Yes... I think I shed about 10lbs off of her already. The paint on the hood alone was probably 1/16" thick. The hood actually feels lighter now when I open it. It was so hard that I had to use an angle grinder to get it off. Unlike the scraping process...the hood took me half of Sunday....








Thanks Tim... appreciate it. Let's see....stay tuned Big Grin

Doug, I was thinking the same about the Featherfill. It's the only material I could think of to create such a material build. Who knows.... I do know however that it is not body filler. I thought for sure it had to be, so I carefully looked at the cross section. It's the same material all the way through. Crazy man...crazy... lol

Anyway, got the hood done. Unfortunately it took longer than it should, as my compressor couldn't keep up. Seems I need to rebuild it. Can't really complain I guess, it's given me 13yrs of hard labor. Rebuild kit on order, should be here for the weekend. Only real down side is I will have to spend valuable garage time working on equipment rather then 6001. Mad errrgh


I have never seen paint that thick. Ever.

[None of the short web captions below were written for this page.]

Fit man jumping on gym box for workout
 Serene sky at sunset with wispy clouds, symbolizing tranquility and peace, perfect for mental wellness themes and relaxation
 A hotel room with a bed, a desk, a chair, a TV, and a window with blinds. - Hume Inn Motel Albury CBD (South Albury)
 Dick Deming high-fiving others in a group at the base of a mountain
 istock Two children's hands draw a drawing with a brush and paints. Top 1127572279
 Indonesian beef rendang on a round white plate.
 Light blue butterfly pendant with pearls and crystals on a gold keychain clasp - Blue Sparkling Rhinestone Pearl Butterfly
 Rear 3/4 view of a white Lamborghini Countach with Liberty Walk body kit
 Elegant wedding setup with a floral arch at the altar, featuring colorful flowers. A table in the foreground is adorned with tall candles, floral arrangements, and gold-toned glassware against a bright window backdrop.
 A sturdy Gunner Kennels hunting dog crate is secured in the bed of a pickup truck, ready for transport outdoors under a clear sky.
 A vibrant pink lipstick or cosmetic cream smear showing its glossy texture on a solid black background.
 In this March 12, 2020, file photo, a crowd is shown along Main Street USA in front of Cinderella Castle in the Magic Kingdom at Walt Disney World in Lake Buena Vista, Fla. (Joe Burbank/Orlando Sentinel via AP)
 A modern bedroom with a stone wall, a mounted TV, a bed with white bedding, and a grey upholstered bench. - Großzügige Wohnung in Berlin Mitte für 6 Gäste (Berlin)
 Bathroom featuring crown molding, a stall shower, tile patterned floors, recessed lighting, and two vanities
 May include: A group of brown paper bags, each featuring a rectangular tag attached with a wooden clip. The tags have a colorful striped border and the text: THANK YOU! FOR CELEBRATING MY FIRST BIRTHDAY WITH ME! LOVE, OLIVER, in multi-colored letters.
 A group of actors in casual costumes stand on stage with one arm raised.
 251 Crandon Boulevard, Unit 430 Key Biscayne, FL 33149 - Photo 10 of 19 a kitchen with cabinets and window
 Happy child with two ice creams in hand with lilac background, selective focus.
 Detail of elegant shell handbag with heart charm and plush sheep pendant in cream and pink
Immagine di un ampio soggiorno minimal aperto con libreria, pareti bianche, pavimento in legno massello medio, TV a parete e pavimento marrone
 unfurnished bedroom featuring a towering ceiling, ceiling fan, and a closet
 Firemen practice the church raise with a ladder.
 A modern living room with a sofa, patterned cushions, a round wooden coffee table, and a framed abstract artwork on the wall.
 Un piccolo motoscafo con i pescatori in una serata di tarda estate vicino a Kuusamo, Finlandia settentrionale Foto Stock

I suspect that you are going to use a lot of primer/filler and have lots of blocking to do on it.

The point of that process is to take the little ripples out of the sheet metal. You use a lot of primer but most of it gets sanded off in the process.

Use as long of a sanding block as practical and use long strokes and lots of water.

Pay lots of attention to what you are doing and it will come out great.
Hi Speed,
Yes, it is a 69 Mach (no shaker thought). That one they will have to bury me in.. Big Grin You can see the full restoration here Link: 69 Mach build

Hi Doug,
I know...crazy...right. The funny thing was I had to grind out another 1/8" of body filler too. Unreal. I put a straight edge up to the door afterwards. I can see there is a low spot just ahead of the door handle...but don't get why they would have loaded it down the way it was done. I'll spend some time with hammer/dolly and see what I can achieve, but there really was no need for all the fill..??? Anyway, as mentioned, I'll take dents any day of the week over rust. All is good!
quote:
Originally posted by Rob Borruso:
Hi Speed,
Yes, it is a 69 Mach (no shaker thought). That one they will have to bury me in.. Big Grin You can see the full restoration here Link: 69 Mach build

Hi Doug,
I know...crazy...right. The funny thing was I had to grind out another 1/8" of body filler too. Unreal. I put a straight edge up to the door afterwards. I can see there is a low spot just ahead of the door handle...but don't get why they would have loaded it down the way it was done. I'll spend some time with hammer/dolly and see what I can achieve, but there really was no need for all the fill..??? Anyway, as mentioned, I'll take dents any day of the week over rust. All is good!
Hello Rob; Always was a BIG fan of the 1969/70 Mach 1s with/without the shaker hood.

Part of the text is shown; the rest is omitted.